# Anyone:  picture of MOLD on BUD??



## MrPuffAlot (Jul 12, 2007)

Reading the harvest/curing section how to's.
You see alot about Mold.

Im curious what it looks like.  

And know what to look for, when time comes to harvest.

:hubba:


----------



## Mutt (Jul 12, 2007)

grey Mold when growing
http://www.marijuanapassion.com/forum/showthread.php?t=1540&highlight=grey

outdoor mold after harvest before trimming.
http://www.marijuanapassion.com/forum/showthread.php?t=807&highlight=grey

hope this helps.


----------



## MrPuffAlot (Jul 12, 2007)

Mental note:

Do not smoke any more cigs in my grow room.

Do not take any cigarettes into the grow room.

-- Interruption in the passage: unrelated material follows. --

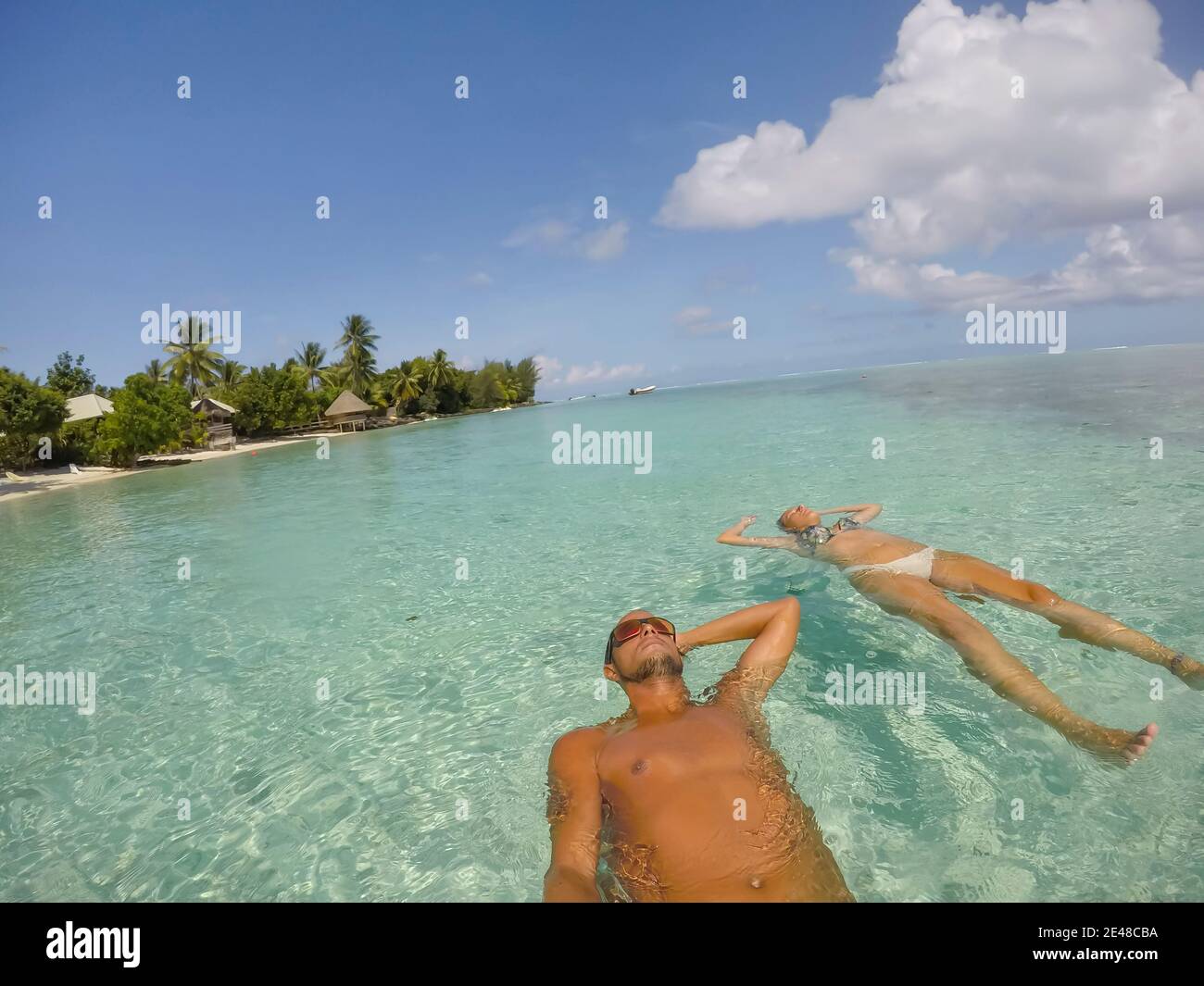 Young beautiful couple lying and floating on back in turquoise sea water on tropical paradise beach in Bora Bora Island, French Polynesia . Stock Photo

Wash my hands after smoking a cig, before I enter the grow room.

THanks MUTT


----------



## Growdude (Jul 13, 2007)

MrPuffAlot said:
			
		

> Reading the harvest/curing section how to's.
> You see alot about Mold.
> 
> Im curious what it looks like.
> ...


 
I have found that you need too pull open the big buds and look inside them, both while growing and when you start curing.

The mold will start growing inside where you cant see it.


----------



## 420check420 (Jul 13, 2007)

that second link isint mold, its a naaaasty case of black scale... the friggin plague :S


----------